* _PROBLEM TO WORK ON_
A word-for-word copy of the listing is required, and it must contain no pictures.
SUPPLIED MATERIAL: Begin
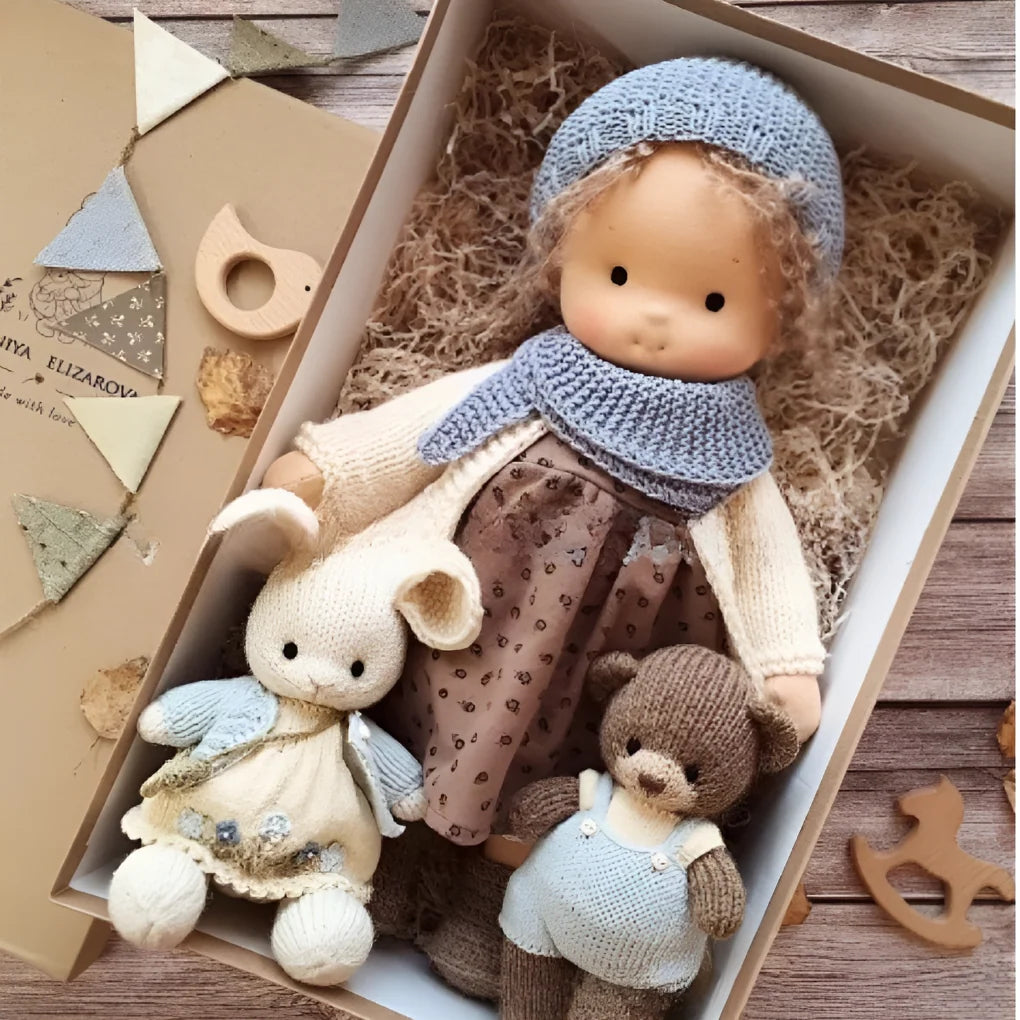 Waldorf Doll Cotton Exterior Wool Filling 13.8 Inch
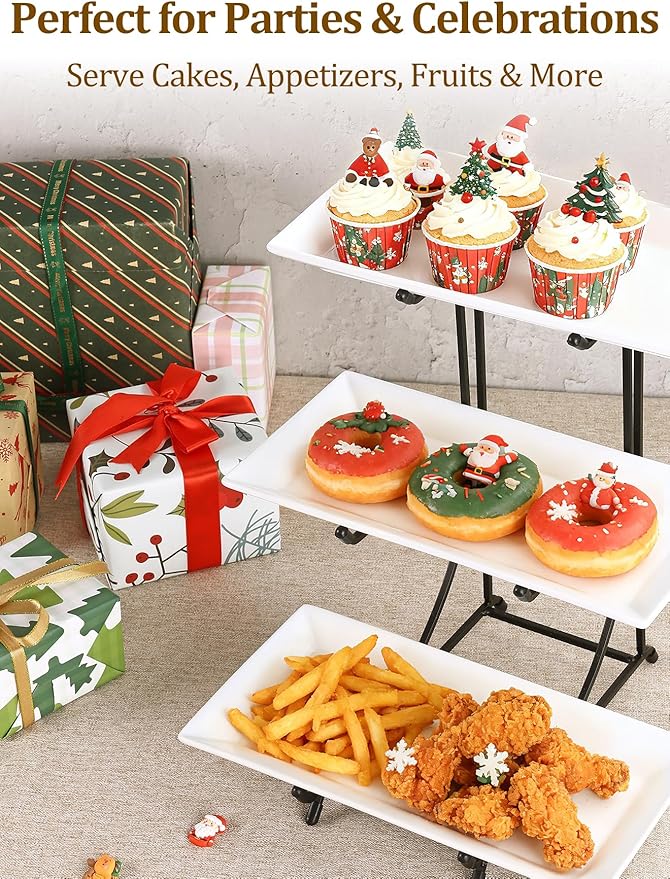 Yedio 3 Tier Serving Tray Set – 12 Inch Porcelain Serving Platters with Pre-Assembled Black Metal Stand, No Installation Required, Tiered Tray for Dessert Fruit Food Display and Party Entertaining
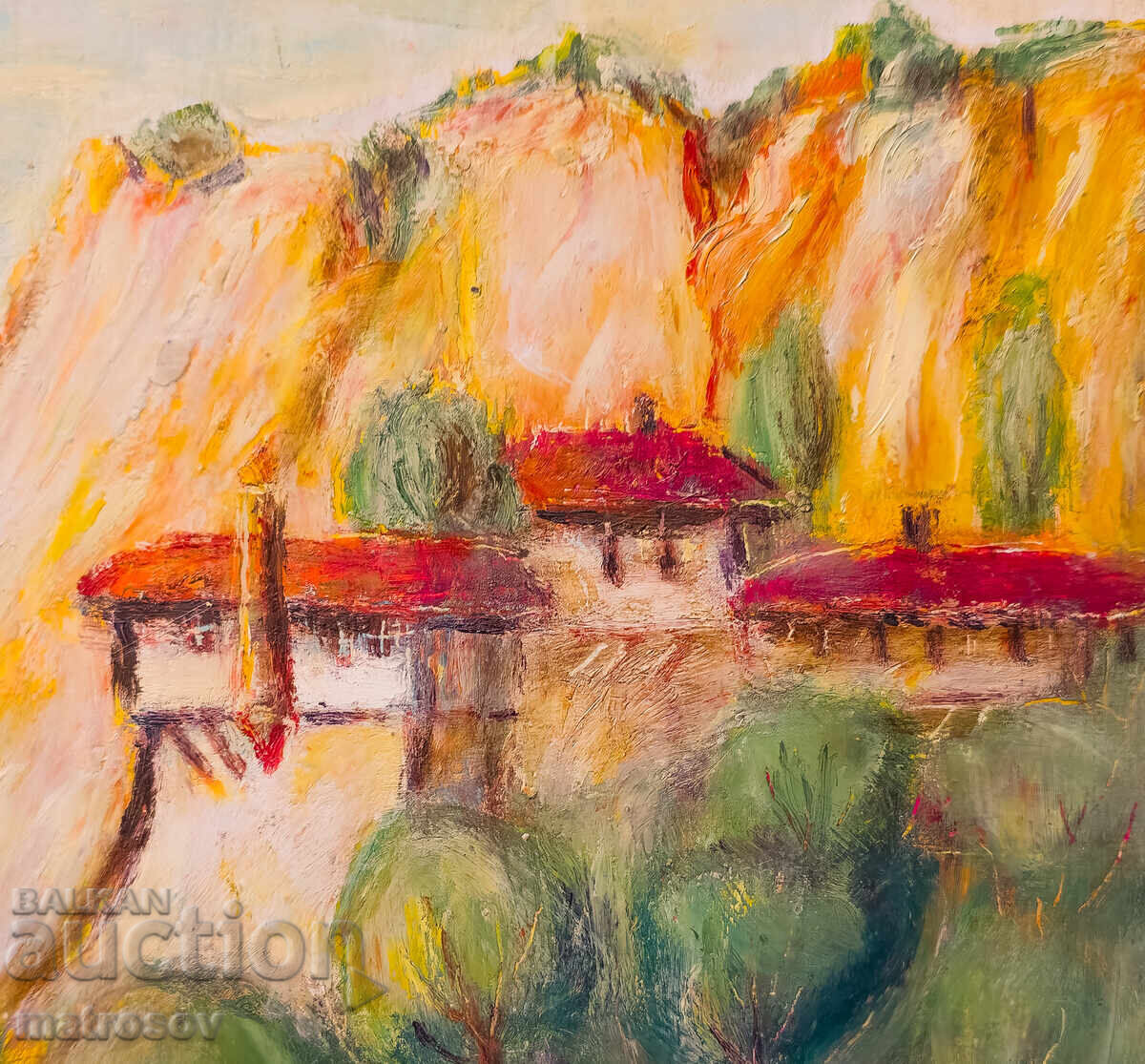 Mountain landscape with houses, painting, oil paints - 7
SUPPLIED MATERIAL: End
* _ANSWER SPACE_
 Waldorf Doll Cotton Exterior Wool Filling 13.8 Inch
 Yedio 3 Tier Serving Tray Set – 12 Inch Porcelain Serving Platters with Pre-Assembled Black Metal Stand, No Installation Required, Tiered Tray for Dessert Fruit Food Display and Party Entertaining
 Mountain landscape with houses, painting, oil paints - 7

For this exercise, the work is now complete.